Doğruluğu konusunda şahit
gösterirler.
Fakat iddia da önemlidir.
O günün Sungurlu yetkilisi bi çözüm
yolu düşünür.
Durumu taraflara anlatır. Atın
kendilerine ait olduğunu iddia eden iki taraf da bu hakemliği kabul eder.

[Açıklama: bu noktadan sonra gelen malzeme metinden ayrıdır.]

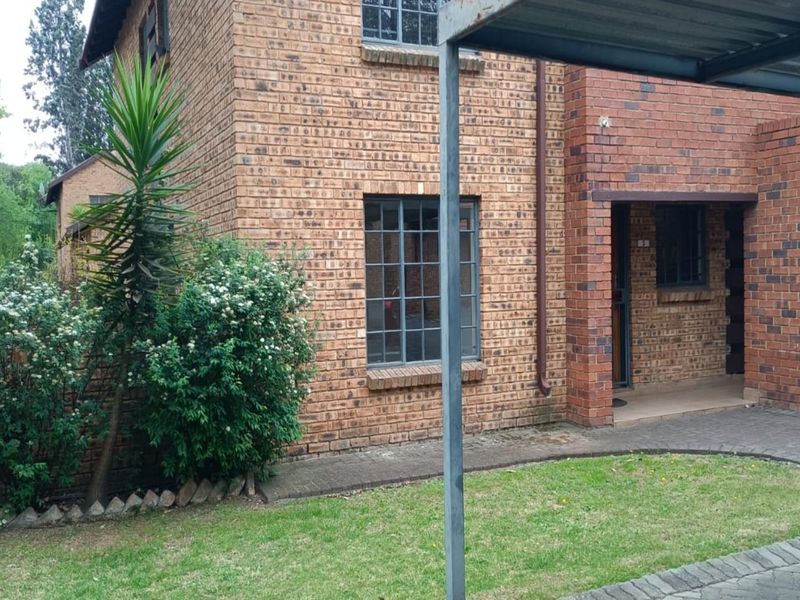 Stunning 2 bedroom townhouse in Three Rivers - Photo 1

Şimdilik ata sahip olan kişi nasıl olsa yıllardır beslemiş, binmiştir. Atın
sahiplendiğini düşünür..
İlyas’ın oğlu da at, cins attır.
Yıllar sonrada olsa tanıyıp kişneyerek
kendisine haber verdiği için Tatlı’ya
gideceğinden emindir..
At hakem olacak. Kimin ise o
tarafı seçecektir.
Meşhur Çan saati (Sungurlu Saat kulesi) yanından atı
bırakırlar. At doğruca Tatlı yolunu tutarak Katil İlyas’ın evi bulur.
At, İlyas’ındır..
Artık evine gelen
Tatlılı İlyas’ın ata kimse
binmez..Binemez. Üstelik yaşlanmıştır. Öylece araziye salarlar.. Yılkı atı
olarak arazide tek başına Katil İlyas’ın hatırası olarak birkaç sene daha
yaşar…
Ve arazide İlyas’ın mezarının olduğu topraklarda ölür..
Kamil ağbi;
“Oğulları da şimdi, baba balarının katillerinin çocukları ile kağıt oynuyor..”
diye iç geçiriyor..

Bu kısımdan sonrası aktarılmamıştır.